Published in final edited form as: J Hand Surg Am. 2010 Nov;35(11):1807–1812. doi: 10.1016/j.jhsa.2010.08.013

Individual Finger Sensibility in Carpal Tunnel Syndrome: Which Digits to Keep and Which to Eliminate

John C Elfar *, Zaneb Yaseen *, Peter J Stern *, Thomas R Kiefhaber *
PMCID: PMC4410266  NIHMSID: NIHMS679275  PMID: 21050964

Abstract

Introduction

Sensibility testing plays a role in the diagnosis of carpal tunnel syndrome (CTS). No single physical test has proven to be of critical value in the diagnosis especially when compared to electrodiagnostic studies (EDX). Correlations between individual tests and both symptoms and EDX have been elusive. Notably, previous literature has not documented differences between individual digits when examined with standard diagnostic tests and there is no suggestion that any digit should be systematically excluded from evaluation in CTS.

Methods

A prospective series of patients with EDX positive, isolated CTS patients were tested immediately preoperatively to evaluate individual digits with static two point discrimination (2PD) and abbreviated Semmes-Weinstein Monofilament (SWMF) tests. Detailed surveys of symptom density in the entire upper extremity were collected in addition to subjective perceptions of the most affected digit.

Results

Patients favored the middle finger over all others (51%) when asked which was the most affected by CTS. Objective 2PD results of each digit mirrored the subjective data, with higher values for the middle (mean 6.07mm, P<.0001). Values for the index failed to show a significant difference from the ulnar-innervated small. Subjective worst finger matched the worst digit 2PD in over two-thirds of patients. SWMF testing showed similar, statistically significant results (middle>thumb>index>small) but suffered from lack of continuously assessable sensibility. Correlations failed between EDX, symptoms, complaints, monofilament results or 2PD in the index. Positive correlation (P=.002, r=.42, weak) was found between EDX and 2PD of the middle in isolation.

Conclusions

The middle finger is the most likely to show changes in 2PD in patients with positive EDX findings. Middle finger 2PD is best able to correlate (weakly) with EDX when compared to 2PD of other fingers and SWMF testing. Monfilaments alone are capable of showing the middle as more sensitive but application of this result is hampered by unavailable monofilaments.

Introduction

Carpal tunnel syndrome is the most prevalent compression neuropathy and most commonly affects the radial three fingers of the hand (2, 3). The evaluation of patients with carpal tunnel syndrome (CTS) can include a vast array of physical tests (1, 2). Such signs elicited in the examination of CTS patients are often not perfectly sensitive or specific for the presence of compression of the median nerve (2). There is often little agreement between surgeons as to how to apply any given test.

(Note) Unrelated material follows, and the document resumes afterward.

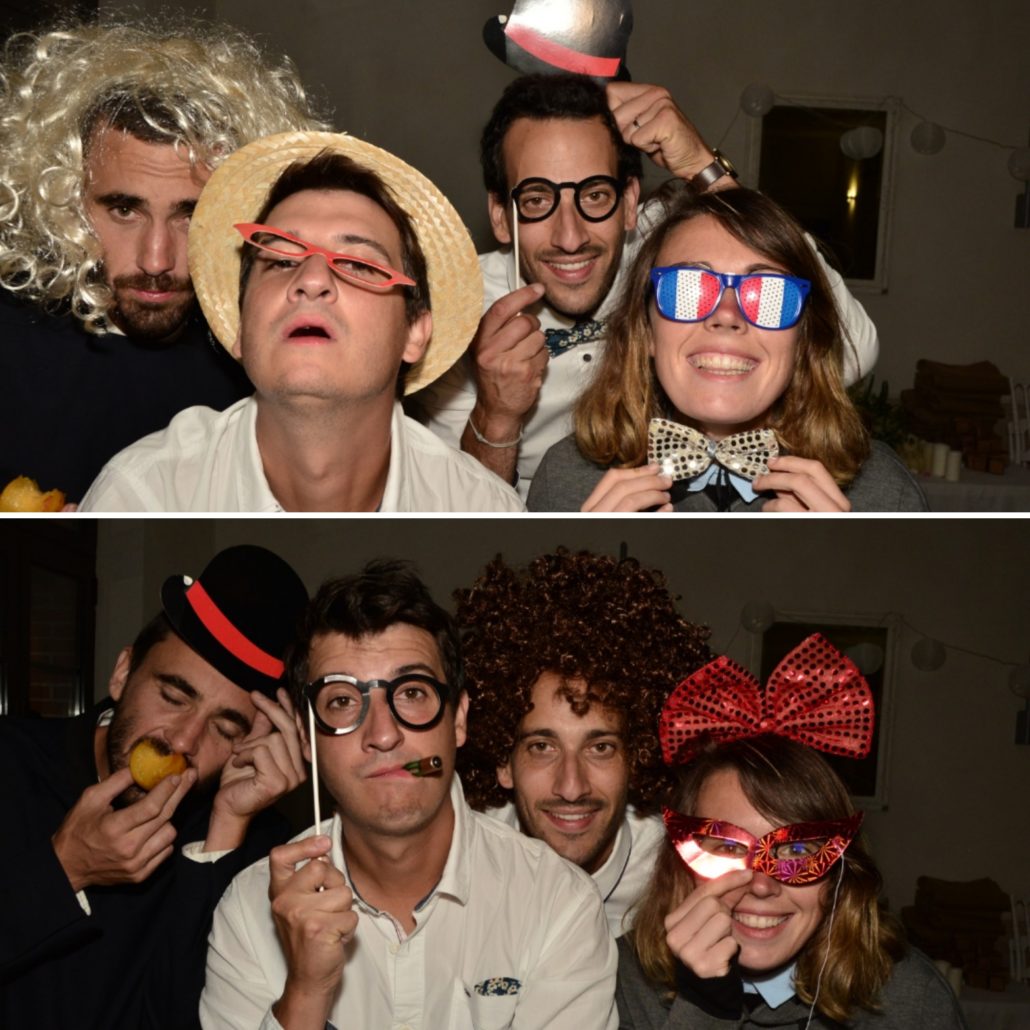 Invités en costumes et accessoires au photobooth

Specifically, no test has been evaluated in individual digits to see if certain digits are better candidates for testing than others. It would stand to reason that, if present, systematic differences in sensibility between digits of the hand could play a role in altering the value of physical tests for CTS. Of the median innervated fingers of the hand, the use of digits less likely to show sensibility changes may have contributed to poor results and correlations in the evaluation of these tests (2, 4).

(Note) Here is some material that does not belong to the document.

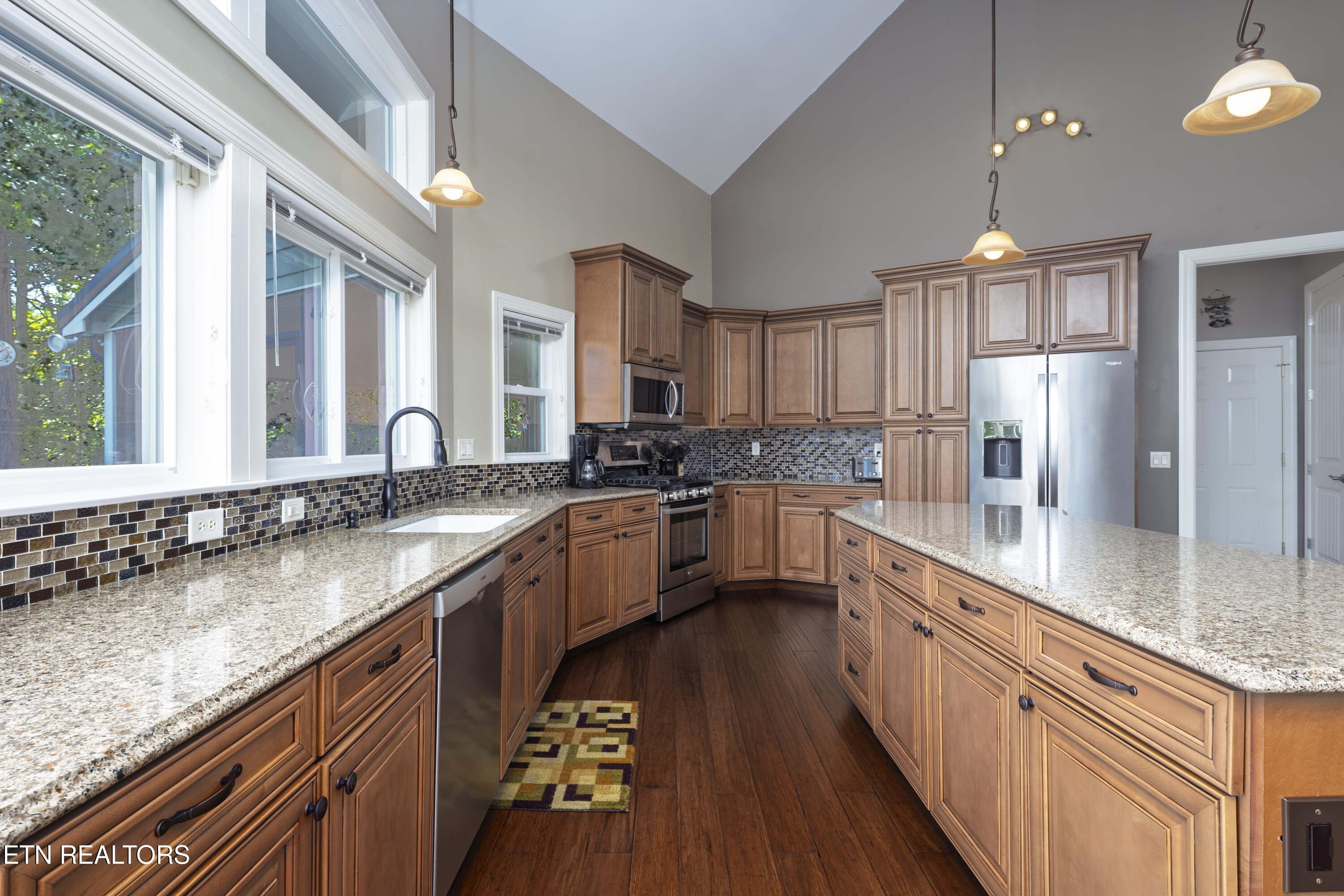 199 Piney Bay Lane Spring City TN 37381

Two examples of tests which are used in the routine evaluation of CTS patients are static two point discrimination and Semmes-Weinstein Monofilament tests. Although these tests have been documented in the literature, no mention of the optimal digits for these tests has been made. We selected these tests to evaluate individual digits of patients with known CTS to note the presence or absence of systematic differences between the digits. We further correlated the results of these tests in individual fingers with EDX results.

Methods

Study patients were selected based on their diagnosis of carpal tunnel syndrome. Diagnostic evaluation included electrodiagnostic studies (EDX) with positive results in all cases. Thirty five patients (forty hands) were included in this study.

All patients underwent routine evaluation by a hand surgeon prior to inclusion into the study. All aspects of that evaluation, including the examination, the decision to pursue electrical studies and the decision to pursue surgery were independent of the data collection process. Inclusion criteria included EDX evidence of CTS in the absence of any other diagnosis. No patient with a competing electrical diagnosis (cervical radiculopathy, cubital tunnel syndrome, diffuse polyneuropathy) was encountered. No patient was encountered with a negative electrodiagnostic study.

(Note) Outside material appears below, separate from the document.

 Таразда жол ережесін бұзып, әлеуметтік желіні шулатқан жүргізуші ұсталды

Once selected for inclusion in the study, a separate evaluation of each patient was performed by a single independent hand surgeon blind to the extent of nerve compression present (other than the decision to pursue surgery) and having played no role prior to the day of surgery. This evaluation, performed on the day of surgery in the preoperative holding area, included sensibility testing in the form of static two point discrimination (2PD) and Semmes-Weinstein monofilament array (SWMF). Testing was completed in every finger but the ring finger in every operative hand.

Two point discrimination was assessed with a MacKinnon-Dellon Discriminator and was recorded as the smallest reliably detectable distance at which two points could be distinguished. Each assessment of each distance was termed a “trial”. Trials started with pressing discriminator into the skin in line with the path of a single digital nerve approximately five millimeters distal to the distal digital crease. Patients were coached to make a choice between “one” and “two” within one second of trial initiation (two alternative forced choices). A trial was disqualified if the patient: failed to answer in a timely fashion, was insensate to the discriminator, required excessive pressure/depth of the discriminator (more than three millimeters or blanching skin halo >3mm), indicated pain either verbally or by wincing. Correct trials were those where the above exclusion criteria were not met and the correct answer was encountered. Three correct trials at a given level combined with two incorrect assessments at the next smaller distance constituted a correct measurement of two point discrimination for a digit. Patients with unreliable responses or repetitive strings of answers (e.g. “one”, “two”, “one”, “two”, etc) were given a training period where visual input was allowed. Patients who failed to give reliable responses after two such training periods were excluded from the study (two patients).

Semmes-Weinstein Monofilament array testing was undertaken using the abbreviated array containing of six monofilaments (2.83, 3.31, 4.31, 4.56, and 6.65). Individual trials followed a similar structure as above consisting of a single contact of a monofilament with the finger tip skin pressured to a bend in the filament. Patients were not allowed to move their finger during trials and the monofilament was not struck against the finger in rapid succession. As with two-point discrimination, three correct trials at a given level combined with two incorrect assessments at the level below constituting a complete measurement.

For both tests, patients received no feedback regarding their performance during testing and were reassured only at the end of all objective testing.

Patients were also asked to choose a single most affected finger with regards to their condition. Patients answering two fingers were encouraged to chose a single most affected finger and were allowed to self assess their hands while answering this question. Additionally, patients answered questions about hand dominance and their most affected hand. Patients undergoing bilateral release were assessed twice (once for each hand).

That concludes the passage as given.